I want to extract specific phrases from text with a help of NLTK RegexpParser.
Is there a way to combine exact word in pos_tags?
For example, this is my text:
import nltk
text = "Samle Text and sample Text and text With University of California and Institute for Technology with SAPLE TEXT"
tokens = nltk.word_tokenize(text)
tagged_text = nltk.pos_tag(tokens)
regex = "ENTITY:{<University|Institute><for|of><NNP|NN>}"
# searching by regex that is defined
entity_search = nltk.RegexpParser(regex)
entity_result = entity_search.parse(tagged_text)
entity_result = list(entity_result)
print(entity_result)
Ofc, I have a lot of different combinations of words that I want to use in my "ENTITY" regex, and I have much longer text.
Is there a way to make it work?
FYI, I want to make it work with RegexpParser, I do not want to use regular regexes.
Here is a solution that doesn't require you specify exact words and still extracts the entities of interest.

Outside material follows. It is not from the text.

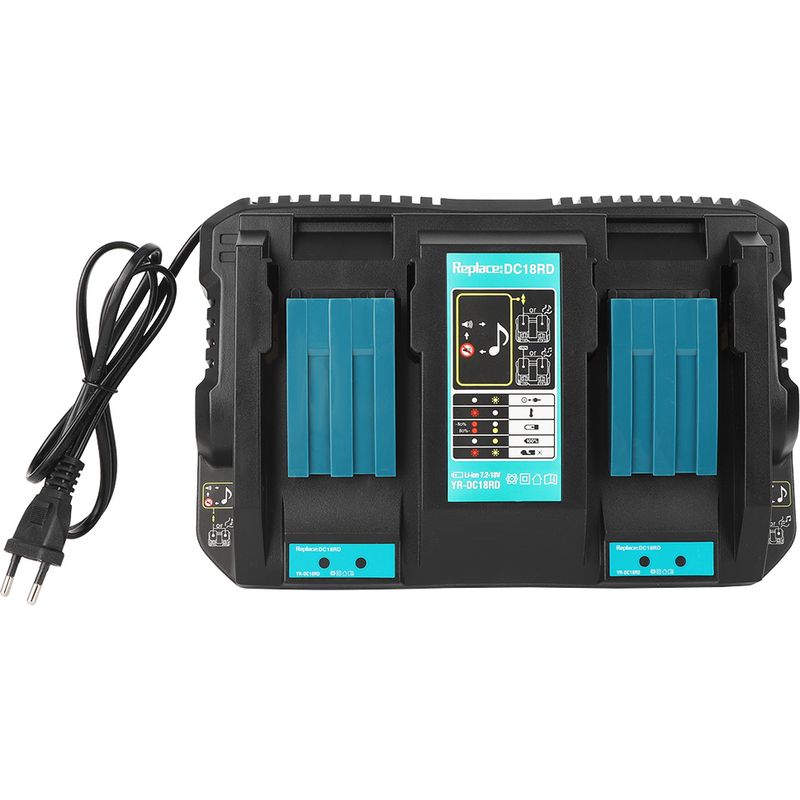 Dual-usb-akkuladegerät Dc18rd, Kompatibel Mit Makita Bl1830 Und Bl1430, 14,4–18 V, Eu-stecker 110–230 V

The RegExp ({<N.*><IN><N.*>}) matches any noun-related tag <N.*>, followed by a preposition or subordinating conjunction tag <IN>, followed by another noun-related tag <N.*>. This is the general PoS tag pattern of strings like of "University of ____" or "Institute for _____". You can make this more strict to match only proper nouns by changing <N.*> to be <NNP>. For more information on PoS tags, see this tutorial.
Solution #1
from nltk import word_tokenize, pos_tag, RegexpParser
text = "This is sample text with the University of California and Institute for Technology with more sample text."
tokenized = word_tokenize(text) # Tokenize text
tagged_text = pos_tag(tokenized) # Tag tokenized text with PoS tags
# Create custom grammar rule to find occurrences of a noun followed proposition or subordinating conjunction, followed by another noun (e.g. University of ___)
my_grammar = r"""
ENTITY: {<N.*><IN><N.*>}"""
# Function to create parse tree using custom grammar rules and PoS tagged text
def get_parse_tree(grammar, pos_tagged_text):
cp = RegexpParser(grammar)
parse_tree = cp.parse(pos_tagged_text)
parse_tree.draw() # Visualise parse tree
return parse_tree
# Function to get labels from custom grammar:
# takes line separated NLTK regexp grammar rules
def get_labels_from_grammar(grammar):
labels = []
for line in grammar.splitlines()[1:]:
labels.append(line.split(":")[0])
return labels
# Function takes parse tree & list of NLTK custom grammar labels as input
# Returns phrases which match
def get_phrases_using_custom_labels(parse_tree, custom_labels_to_get):
matching_phrases = []
for node in parse_tree.subtrees(filter=lambda x: any(x.label() == custom_l for custom_l in custom_labels_to_get)):
# Get phrases only, drop PoS tags
matching_phrases.append([leaf[0] for leaf in node.leaves()])
return matching_phrases
text_parse_tree = get_parse_tree(my_grammar, tagged_text)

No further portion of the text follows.